Connery plays Zed, one of the exterminators, who hitches a ride in the giant head and finds himself in the Vortex, a sealed bubble populated by immortals with psychic powers who had long ago separated themselves from the rest of humanity to live in a state of peace and harmony which was now becoming a state of ennui and decay. Having long ago discarded all notions of sex and violence the immortals are intrigued by this visitor and perform a series of interviews and experiments on him that begin to highlight the cracks and imperfections in their own society.
Zardoz contains all the classic ingredients of seventies post-apocalyptic sci-fi; wildly unsuitable clothing, more bare breasts than you can shake a big stick at, a hefty dose of nihilism and the liberal application of transparent plastic and mirrors to make everything look suitably futuristic, but there is also much more.
There are scenes that are sheer brilliance with well thought out dialogue that offer real food for thought, there are scenes that are just laughably bad (such as the sexual experiments performed on Zed) and then there are other scenes that are so outright bizarre and psychadellic that you can only assume Boorman spent large portions of the preceding decade performing experiments of his own with various illicit substances. There are many films of which it is said "you have never seen anything like this" and on most occasions it's usually bumfluff, but in the case of Zardoz I think I can safely say you have never seen anything quite like this before. It is a hard film to describe without giving too much away, think The Wicker Man crossed with The Omega Man crossed with Planet of the Apes crossed with The Holy Mountain and you're half way there.

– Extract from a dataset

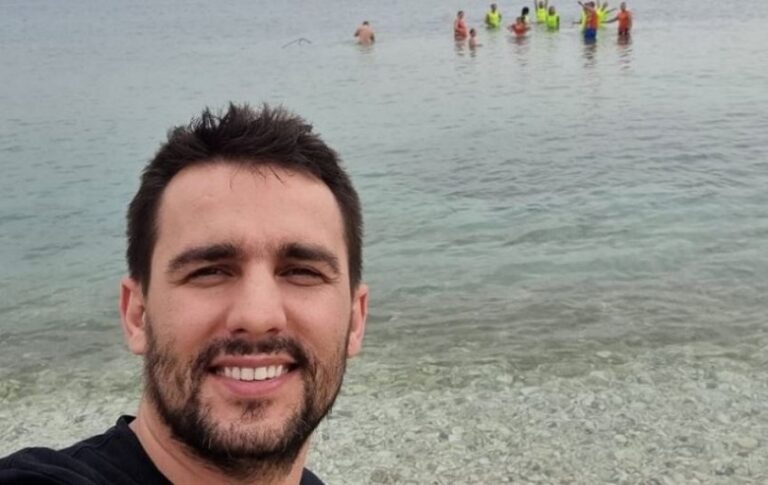Avokati: Turistët serbë në Shqipëri, sjellin nga jashtë edhe letrat e banjos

It's a love it or hate it movie that usually gets lumped into the "so bad it's good" category. The story goes that Connery was struggling to find work after ditching his role as James Bond so Boorman was able to hire him cheap and it's hard to think of any other reason why someone who had shot to mega stardom as a suave super-spy would choose to play a role like Zed, but beneath all the silliness, dated imagery and Sean Connery's chest hair lurk some interesting ideas on sex, mortality and the emasculation of society that are perhaps more relevant today than they were at the time of it's release. I personally loved it and if you're willing to set aside your disbelief and place your tongue firmly in your cheek I think you might too.